As an investor, it’s crucial to approach every investment decision with a structured and analytical mindset. I have developed an investment checklist and mental model to ensure that I thoroughly assess potential opportunities and mitigate risks. This checklist is a detailed questionnaire, enabling me to evaluate businesses based on various essential criteria. By journaling these decisions and responses, I uncover potential deficiencies and regularly re-evaluate the investment at crucial intervals. This structured approach enhances my decision-making process and allows me to make well-informed and strategic investment decisions for the long term.
Business
- Longevity
- Question: Can the business continue in its current form and shape for another 50 years? If yes, why and how?
- Response:
- Market Size and Growth Rate
- Question: What is the current market size and growth rate? (Growing pie and pie share rate)
- Response:
- Profit Pool
- Question: What is the size of the industry’s profit pool and the business’s share of it?
- Response:
- Technological Influence
- Question: How does technology influence the business and the sector?
- Response:
- Substitutes
- Question: Is there a substitute for the business? If yes, what is it, and how does it compare?
- Response:
- Global Competition
- Question: Is there global competition for the business? If yes, how intense is it?
- Response:
- Regulatory Impact
- Question: How much do government policies and regulatory authorities impact the business and sector?
- Response:
- Market Disruption
- Question: Can anyone with deep pockets disrupt the market? How?
- Response:
- Business Model
- Question: Is it B2B, B2G, B2C (General Trade), or D2C (MT, eCommerce)?
- Response:
- Growth Potential
- Question: Does the business grow at 100x revenue and PAT in 20 years or at 25% CAGR?
- Response:
- Supplier Influence
- Question: How much influence do suppliers have on distribution in the business and sector?
- Response:
- Customer Loyalty
- Question: How loyal are the customers to the business? What is the customer retention rate?
- Response:
- Competitive Advantage
- Question: What is the business’s competitive advantage or moat? How sustainable is it?
- Response:
Management
- Type of Management
- Question: Is it a family-run or professionally-run organization?
- Response:
- Ethical Behavior
- Question: What are the management team’s ethical behaviors? Have any subtle nuances been observed historically?
- Response:
- Competency
- Question: How competent is the management in the business?
- Response:
- Succession Plan
- Question: What is the succession plan and the historical success rate of the succession?
- Response:
- Vision Alignment
- Question: Is the business’s management vision aligned with my perspective of the sector? If not, why is there a divergence?
- Response:
- Management Track Record
- Question: What is the management’s historical track record regarding performance and integrity?
- Response:
Risk
- Black Swan Events
- Question: What black swan event can decimate the business and sector?
- Response:
- Assumptions
- Question: What implicit assumptions have been made in this assessment?
- Response:
- Circle of Competence
- Question: Do I have a sufficient circle of competence in the sector and understand the business? If yes, describe the sector and industry in my terms.
- Response:
- Operational Risks
- Question: What are the significant operational risks the business faces? How are they mitigated?
- Response:
- Financial Health
- Question: What is the financial health of the business? Consider debt levels, cash flow stability, and liquidity.
- Response:
Valuation
- Valuation Thumb Rule
- Question: What is the thumb rule for business valuation (in today’s terms) based on business growth and current cash flow with a 10-15-year horizon?
- Response:
- Capital Requirements
- Question: How much external capital is required to sustain and grow the business and sector?
- Response:
- ROE and ROCE
- Question: What are the expected ROE and ROCE of the sector and business?
- Response:
- Comparison to Risk-Free (Fixed Deposit from SCB)

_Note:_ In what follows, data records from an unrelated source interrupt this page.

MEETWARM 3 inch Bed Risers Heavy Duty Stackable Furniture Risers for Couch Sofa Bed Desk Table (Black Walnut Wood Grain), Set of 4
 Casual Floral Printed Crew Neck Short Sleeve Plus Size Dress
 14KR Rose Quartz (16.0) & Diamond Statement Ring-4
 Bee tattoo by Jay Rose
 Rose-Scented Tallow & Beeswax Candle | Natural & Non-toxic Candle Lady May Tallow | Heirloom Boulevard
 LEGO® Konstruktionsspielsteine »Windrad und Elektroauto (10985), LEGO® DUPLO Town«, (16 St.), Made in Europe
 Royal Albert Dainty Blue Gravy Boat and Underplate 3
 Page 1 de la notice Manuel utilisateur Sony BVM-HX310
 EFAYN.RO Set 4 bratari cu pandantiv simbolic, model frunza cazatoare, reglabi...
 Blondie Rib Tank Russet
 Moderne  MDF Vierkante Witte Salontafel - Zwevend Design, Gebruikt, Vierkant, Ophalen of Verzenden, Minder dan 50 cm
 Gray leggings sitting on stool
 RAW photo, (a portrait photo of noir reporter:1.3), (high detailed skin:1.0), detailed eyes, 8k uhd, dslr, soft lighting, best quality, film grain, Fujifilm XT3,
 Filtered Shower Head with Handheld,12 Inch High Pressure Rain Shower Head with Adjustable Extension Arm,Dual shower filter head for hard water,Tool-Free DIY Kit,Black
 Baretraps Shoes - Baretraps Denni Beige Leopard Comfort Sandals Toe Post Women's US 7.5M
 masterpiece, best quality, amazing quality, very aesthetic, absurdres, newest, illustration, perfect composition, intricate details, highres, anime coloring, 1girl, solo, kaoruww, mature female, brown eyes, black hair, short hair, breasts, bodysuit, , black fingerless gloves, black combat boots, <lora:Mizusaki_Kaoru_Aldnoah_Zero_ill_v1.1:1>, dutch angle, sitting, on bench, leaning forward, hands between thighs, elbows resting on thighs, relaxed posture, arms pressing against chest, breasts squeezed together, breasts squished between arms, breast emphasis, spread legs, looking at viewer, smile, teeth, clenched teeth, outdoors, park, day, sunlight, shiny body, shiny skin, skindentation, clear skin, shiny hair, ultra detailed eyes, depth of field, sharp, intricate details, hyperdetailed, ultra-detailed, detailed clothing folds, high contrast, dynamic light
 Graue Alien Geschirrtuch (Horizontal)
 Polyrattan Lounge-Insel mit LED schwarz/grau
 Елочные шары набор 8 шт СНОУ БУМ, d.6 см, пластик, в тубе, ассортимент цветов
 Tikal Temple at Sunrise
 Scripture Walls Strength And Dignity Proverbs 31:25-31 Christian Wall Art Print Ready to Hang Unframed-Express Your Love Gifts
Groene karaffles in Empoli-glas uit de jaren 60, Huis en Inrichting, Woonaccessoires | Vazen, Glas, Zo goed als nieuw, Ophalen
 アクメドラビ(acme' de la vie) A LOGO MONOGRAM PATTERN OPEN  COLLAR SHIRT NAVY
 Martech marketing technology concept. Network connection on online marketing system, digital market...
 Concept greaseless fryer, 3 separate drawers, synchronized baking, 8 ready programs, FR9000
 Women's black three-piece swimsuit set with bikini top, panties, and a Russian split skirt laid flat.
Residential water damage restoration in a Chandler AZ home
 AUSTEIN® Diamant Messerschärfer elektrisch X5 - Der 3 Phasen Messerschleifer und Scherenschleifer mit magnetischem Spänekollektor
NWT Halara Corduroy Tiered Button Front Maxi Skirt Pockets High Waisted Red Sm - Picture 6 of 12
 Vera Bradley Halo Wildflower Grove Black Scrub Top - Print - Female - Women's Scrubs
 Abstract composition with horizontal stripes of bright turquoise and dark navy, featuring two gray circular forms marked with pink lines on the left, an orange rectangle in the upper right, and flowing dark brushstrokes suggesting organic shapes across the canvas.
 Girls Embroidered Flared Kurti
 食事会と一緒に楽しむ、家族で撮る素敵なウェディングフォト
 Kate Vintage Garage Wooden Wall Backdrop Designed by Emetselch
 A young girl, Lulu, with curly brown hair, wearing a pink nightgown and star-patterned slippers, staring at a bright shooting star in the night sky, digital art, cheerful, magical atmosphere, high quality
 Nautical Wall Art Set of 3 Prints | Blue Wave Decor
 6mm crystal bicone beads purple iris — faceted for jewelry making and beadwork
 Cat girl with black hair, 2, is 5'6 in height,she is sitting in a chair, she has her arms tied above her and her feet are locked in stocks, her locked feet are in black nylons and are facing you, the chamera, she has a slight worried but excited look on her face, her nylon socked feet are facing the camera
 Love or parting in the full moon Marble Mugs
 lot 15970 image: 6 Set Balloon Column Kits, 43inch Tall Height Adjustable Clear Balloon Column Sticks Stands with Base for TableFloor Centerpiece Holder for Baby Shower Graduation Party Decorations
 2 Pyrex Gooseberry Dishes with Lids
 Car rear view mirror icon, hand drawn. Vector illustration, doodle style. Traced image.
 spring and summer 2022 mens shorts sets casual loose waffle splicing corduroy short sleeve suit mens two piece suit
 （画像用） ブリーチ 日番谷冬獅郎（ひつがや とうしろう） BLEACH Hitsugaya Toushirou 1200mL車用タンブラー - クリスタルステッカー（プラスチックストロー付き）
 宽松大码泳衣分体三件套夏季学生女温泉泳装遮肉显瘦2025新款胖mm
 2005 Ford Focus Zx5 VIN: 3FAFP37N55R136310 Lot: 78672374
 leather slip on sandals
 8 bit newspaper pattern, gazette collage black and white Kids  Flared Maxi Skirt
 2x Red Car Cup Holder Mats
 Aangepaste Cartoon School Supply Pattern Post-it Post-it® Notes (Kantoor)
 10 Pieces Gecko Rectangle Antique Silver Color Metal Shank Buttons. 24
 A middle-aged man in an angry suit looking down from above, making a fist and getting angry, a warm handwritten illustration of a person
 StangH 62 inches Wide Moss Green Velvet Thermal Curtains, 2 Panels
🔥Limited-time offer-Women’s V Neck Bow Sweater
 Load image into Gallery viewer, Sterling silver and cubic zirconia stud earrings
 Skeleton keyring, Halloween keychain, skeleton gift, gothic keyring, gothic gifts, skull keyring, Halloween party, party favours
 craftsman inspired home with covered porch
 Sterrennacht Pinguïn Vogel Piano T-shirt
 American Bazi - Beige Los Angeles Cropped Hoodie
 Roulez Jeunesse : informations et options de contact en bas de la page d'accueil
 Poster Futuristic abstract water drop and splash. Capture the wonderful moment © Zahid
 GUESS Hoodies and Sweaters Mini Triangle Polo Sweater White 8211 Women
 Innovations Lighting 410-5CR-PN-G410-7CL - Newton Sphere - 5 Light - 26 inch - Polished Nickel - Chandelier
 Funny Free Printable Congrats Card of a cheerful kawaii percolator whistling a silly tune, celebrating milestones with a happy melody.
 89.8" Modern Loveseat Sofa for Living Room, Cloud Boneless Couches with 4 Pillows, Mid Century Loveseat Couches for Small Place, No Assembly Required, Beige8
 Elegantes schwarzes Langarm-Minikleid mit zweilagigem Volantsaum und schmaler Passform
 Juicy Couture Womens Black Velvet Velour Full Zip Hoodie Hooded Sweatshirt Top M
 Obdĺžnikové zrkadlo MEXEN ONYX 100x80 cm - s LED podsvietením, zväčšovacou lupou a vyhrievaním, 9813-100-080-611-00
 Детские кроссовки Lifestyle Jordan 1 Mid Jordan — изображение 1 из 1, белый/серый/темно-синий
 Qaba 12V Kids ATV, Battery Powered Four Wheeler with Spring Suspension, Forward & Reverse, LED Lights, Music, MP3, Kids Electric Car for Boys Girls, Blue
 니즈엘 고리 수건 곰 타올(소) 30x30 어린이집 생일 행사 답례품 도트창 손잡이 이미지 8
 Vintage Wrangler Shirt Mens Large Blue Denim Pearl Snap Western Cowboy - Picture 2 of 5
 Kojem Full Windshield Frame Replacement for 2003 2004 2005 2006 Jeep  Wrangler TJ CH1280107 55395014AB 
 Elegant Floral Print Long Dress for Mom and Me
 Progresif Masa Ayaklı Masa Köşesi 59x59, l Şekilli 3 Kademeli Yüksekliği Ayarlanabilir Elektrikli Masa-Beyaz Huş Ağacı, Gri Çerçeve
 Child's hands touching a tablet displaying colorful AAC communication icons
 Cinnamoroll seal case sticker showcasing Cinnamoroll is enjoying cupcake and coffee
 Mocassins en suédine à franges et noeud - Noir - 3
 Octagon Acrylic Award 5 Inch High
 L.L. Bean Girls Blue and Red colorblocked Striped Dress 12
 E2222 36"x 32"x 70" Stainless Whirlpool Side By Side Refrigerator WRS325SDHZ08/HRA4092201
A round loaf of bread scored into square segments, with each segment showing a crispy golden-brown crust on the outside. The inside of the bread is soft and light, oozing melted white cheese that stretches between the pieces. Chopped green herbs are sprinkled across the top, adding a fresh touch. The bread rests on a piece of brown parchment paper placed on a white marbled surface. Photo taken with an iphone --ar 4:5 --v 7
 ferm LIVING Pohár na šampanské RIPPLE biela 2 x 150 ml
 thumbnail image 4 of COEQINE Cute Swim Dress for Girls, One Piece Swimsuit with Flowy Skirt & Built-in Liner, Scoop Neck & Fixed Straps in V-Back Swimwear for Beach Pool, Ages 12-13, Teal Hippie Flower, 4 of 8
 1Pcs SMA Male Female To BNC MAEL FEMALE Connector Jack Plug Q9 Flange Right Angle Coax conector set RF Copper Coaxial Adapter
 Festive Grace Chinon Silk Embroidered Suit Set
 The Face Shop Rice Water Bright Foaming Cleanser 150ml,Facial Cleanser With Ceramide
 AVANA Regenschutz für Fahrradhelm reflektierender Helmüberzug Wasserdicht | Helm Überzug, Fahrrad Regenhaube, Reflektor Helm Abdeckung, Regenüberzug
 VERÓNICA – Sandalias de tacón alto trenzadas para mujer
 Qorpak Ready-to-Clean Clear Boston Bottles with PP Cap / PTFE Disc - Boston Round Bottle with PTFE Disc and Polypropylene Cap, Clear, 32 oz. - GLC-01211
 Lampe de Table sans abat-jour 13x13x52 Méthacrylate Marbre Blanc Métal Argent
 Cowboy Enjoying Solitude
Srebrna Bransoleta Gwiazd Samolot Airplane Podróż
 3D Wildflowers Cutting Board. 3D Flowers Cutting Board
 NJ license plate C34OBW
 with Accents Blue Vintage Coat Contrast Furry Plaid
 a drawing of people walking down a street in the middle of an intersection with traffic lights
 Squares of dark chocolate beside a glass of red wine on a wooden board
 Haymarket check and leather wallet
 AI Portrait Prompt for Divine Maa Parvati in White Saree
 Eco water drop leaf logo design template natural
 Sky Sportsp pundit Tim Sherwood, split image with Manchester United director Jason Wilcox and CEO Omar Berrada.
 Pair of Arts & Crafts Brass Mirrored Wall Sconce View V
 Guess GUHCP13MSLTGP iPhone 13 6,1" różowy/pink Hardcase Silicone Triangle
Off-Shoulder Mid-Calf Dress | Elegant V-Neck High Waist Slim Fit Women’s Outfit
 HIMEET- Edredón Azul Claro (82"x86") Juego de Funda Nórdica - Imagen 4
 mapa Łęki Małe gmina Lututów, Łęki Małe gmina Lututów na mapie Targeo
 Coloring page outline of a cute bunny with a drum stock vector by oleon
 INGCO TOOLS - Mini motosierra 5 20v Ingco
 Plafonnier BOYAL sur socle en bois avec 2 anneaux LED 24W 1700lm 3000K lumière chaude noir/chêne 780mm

- Question: How does this investment return compared to the Fixed Deposit return + Risk Premium?
- Response:
- Growth Potential
- Question: Does the investment grow 100x in 20 years, i.e., at a 25% CAGR?
- Response:
- Valuation Sensitivity
- Question: How sensitive is the valuation to changes in critical assumptions like growth rates, margins, and discount rates?
- Response:
- Downward Rerating
- Question: Can a downward rerating of the business be possible? If yes, how?
- Response:
Investment
- Milestones
- Question: What are the milestones to assess the above assumptions?
- Response:
- Allocation
- Question: How much money is to be allocated at each milestone?
- Response:
- Exit Strategy
- Question: What is the exit strategy if the investment thesis does not appear as expected?